Generative AI as Sentiment Analysis Tool in Hospitality GenAI, ChatGPT, research methods, tourism, hospitality
##plugins.themes.bootstrap3.article.main##
Resumo
Objectives | Customer reviews on social media and dedicated websites are an essential source of information for hospitality companies that allows them to learn what customers think about their services and those of their competitors (Olorunsola et al., 2023; Perez-Aranda et al., 2021; Veloso & Gomez-Suarez, 2023). By analysing online reviews, hospitality managers can get insights into the opinions of customers and what they liked or disliked about the services they used. Moreover, online reviews are a helpful source of information about changing trends in customer perceptions and preferences. The evaluation of customer reviews can be implemented manually or with the help of specialised software (Tetzlaff et al., 2019).
Sentiment analysis is a process of analysing language to interpret subjective evaluations, emotions and points of view (Taboada, 2016). Humans associate their opinions and emotions with specific linguistic structures in daily life. Sentiment analysis, therefore, addresses three tasks, including establishing whether the content represents a fact or a subjective opinion, determining its polarity (i.e. positive vs negative), and analysing the degree of polarity/ intensity of a sentiment (Cambria et al., 2017).
The importance of sentiment analysis for research and practice motivated the proliferation of multiple analytical methods and tools, including the automation of the analysis with AI. The advantage of manual sentiment analysis is its high achievable validity and reliability. However, special linguistic skills, substantial time and cross-validation are required to prevent subjectivity bias (Sotiriadou et al., 2014).
A range of tools that utilise supervised learning are trained for automatic differentiation between negative vs positive vs neutral (if required) emotion. The advantage of supervised learning algorithms is the achievable speed of analysis alongside the relatively high accuracy of the results. The limitation of the machine learning algorithms for sentiment analysis is the dependence of the analysis validity on the context. A new training might be required for a new content source (Taboada, 2016).
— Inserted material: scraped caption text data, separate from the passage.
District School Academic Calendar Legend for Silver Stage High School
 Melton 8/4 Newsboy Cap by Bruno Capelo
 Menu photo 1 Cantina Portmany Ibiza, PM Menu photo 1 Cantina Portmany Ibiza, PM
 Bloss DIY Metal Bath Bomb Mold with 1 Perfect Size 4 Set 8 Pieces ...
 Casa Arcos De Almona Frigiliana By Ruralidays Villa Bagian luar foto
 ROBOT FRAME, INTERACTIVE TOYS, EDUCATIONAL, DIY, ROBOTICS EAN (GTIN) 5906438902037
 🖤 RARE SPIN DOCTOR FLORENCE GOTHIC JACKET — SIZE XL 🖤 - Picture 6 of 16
Recently, ChatGPT introduced a plugin for sentiment analysis (OpenAI.com, 2023). It uses a class of machine learning, called Natural Language Processing (NLP) that is trained to understand a language autonomously. Due to its cost, speed and intuitive interface, a range of studies has already applied ChatGPT for sentiment analysis of used-generated content (e.g. Adeshola & Adepoju, 2023). The launch of ChatGPT in November 2022 opened a new opportunity for the analysis of texts that do not require significant digital skills necessary to use effectively and efficiently other software packages for textual analysis. However, its performance in comparison to other methods remains largely underexplored (Fatouros et al., 2023).
This ongoing study aims to evaluate GenAI as a tool for sentiment analysis in the context of Tourism & Hospitality. It tests the effectiveness of ChatGPT vs NVivo auto coding vs manual analysis.
Methodology To analyse the effectiveness of GenAI as a tool for a sentiment analysis, the study compares the effectiveness of the sentiment analysis, done by ChatGPT 3.5 vs NVivo 20 vs manual coding. The entire dataset for analysis consists of the 160 reviews posted at Booking.com to ensure that the sentiment is derived from subjective tourist opinions. First, the codes that characterise hotel service robots, were manually extracted to ensure data validity. The sentiment was analysed to determine the polarity of the sentiments and well as its degree. The manual coding, replicated by two trained researchers, was used as a baseline. NVivo auto coding and a prompt “Run a sentiment analysis for each row of the table. The sentiment would range from "very positive", "moderately positive", "neutral", "moderately negative", to "very negative" .” , for ChatGPT, were used to automate the analysis. The number of errors of automated analysis vs manual coding was then calculated.
Main Results and Contributions The preliminary findings demonstrate that ChatGPT performs better than NVivo auto coding but worth than the manual analysis. In comparison to manual coding, ChatGPT provided identical results in determining the polarity of a sentiment (i.e. negative vs neutral vs positive), while 12% of the codes, generated by NVivo, contained a wrongly identified sentiment. Regarding the degree of polarity (i.e. very negative vs moderately negative), ChatGPT generated a total of 24% of erroneous codes. NVivo-generated results were comparable with 28% of wrongly attributed degree of polarity in comparison to the manual coding.
Limitations | The key limitations of the study are the related to the validity of each method and their comparability. Thus, the manual sentiment analysis required cross-validation, the supervised learning models do range in terms of their relevance for the context, and GenAI represents a “black box” with the model being unavailable for researchers’ evaluation. Therefore, more studies in various contexts and with the application of different sentiment analysis methods are required prior to claiming GenAI a reliable tool for the analysis.
Conclusions The preliminary findings indicate that ChatGPT 3.5 performs substantially better than NVivo auto coding. However, manual evaluation of the sentiment still provides more valid results. While research automation can substantially decrease the time and efforts of the researchers, a broader scale of research is required to understand how to ensure the validity and reliability of the GenAI tools.